3.4 Top-k similarity calculation

Through the above three kinds of similarity calculations, we get three similarity values, $s_{ij}^{1}$ , $s_{ij}^{2}$ , and $s_{ij}^{3}$ for products $i$ and $j$ . Then we combine these three values into one comprehensive value $s_{ij}$ .

$\displaystyle s_{ij}=w_{1}s_{ij}^{1}+w_{2}s_{ij}^{2}+w_{3}s_{ij}^{3}$ (10)

where $w_{1}$ , $w_{2}$ , and $w_{3}$ are three weights of three different similarity indicators. Their values can be adjusted according to their importance.

4. Machine learning based forecasting

4.1 An improved ConvLSTM model

ConvLSTM is a variant of LSTM. The main advantage is that more information can be extracted by turning the weight calculation in LSTM into a convolution operation. Here we make further adjustments to ConvLSTM, including adding more data to the input, adding attention mechanism, and modifying the loss function. We call the new model AttConvLSTM, attention mechanism based ConvLSTM.

1)
Add periodic historical data to the input

A large number of experiments have proved that ConvLSTM performs better than LSTM in time series prediction tasks. If only simple features are used as input to the model, it is also difficult for ConvLSTM to fit the varying time series data. A better way is to use more useful features. Here we extract additional features from the dataset to help the model fit better and achieve better predictions.
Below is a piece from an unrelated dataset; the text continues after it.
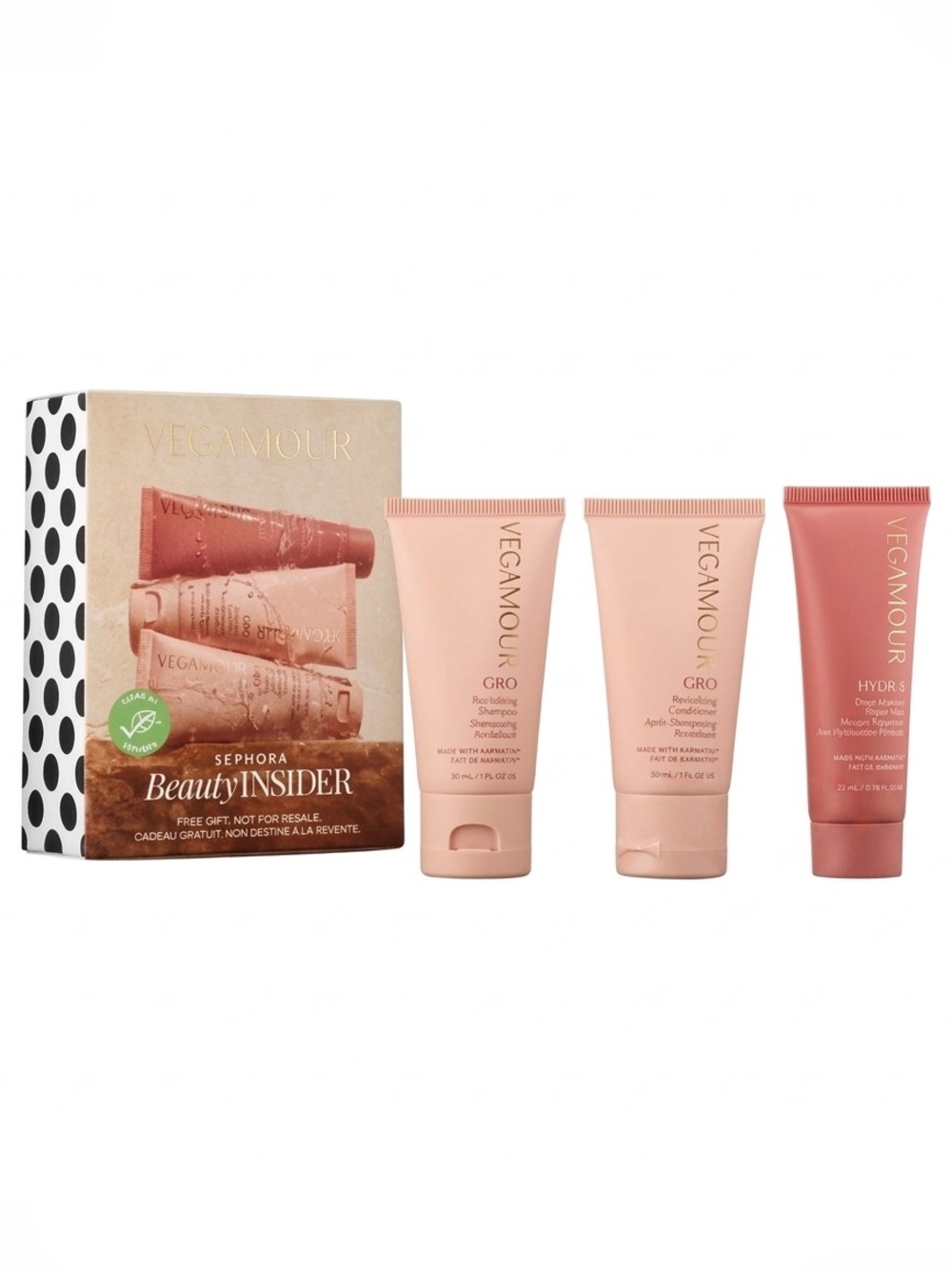 Vegamour GRO Revitalizing Shampoo & Conditioner & Repair Mask Travel Gift Set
Akaike information criterion (AIC) is a measure of the goodness of fit of statistical models, proposed by Japanese statistician Akaike in 1974 [20]. It is built on the concept of entropy and provides a standard for weighing the complexity of the estimated model and the goodness of the fitted data. AIC is defined as

$\displaystyle AIC=2\bar{k}-ln(\bar{L})$ (11)
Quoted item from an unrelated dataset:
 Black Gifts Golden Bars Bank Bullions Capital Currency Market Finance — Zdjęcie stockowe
where $\bar{k}$ is the number of model parameters and $\bar{L}$ is the likelihood function.

For time series forecasting, a critical but uncertain question is how much data to use as a cycle. When choosing the best model from a set of alternative models, we usually choose the model with the smallest AIC. Therefore, we calculated AIC values for ConvLSTM with periods from 1 to 50 for the dataset in the experiment. Some of the results are shown in Table 1.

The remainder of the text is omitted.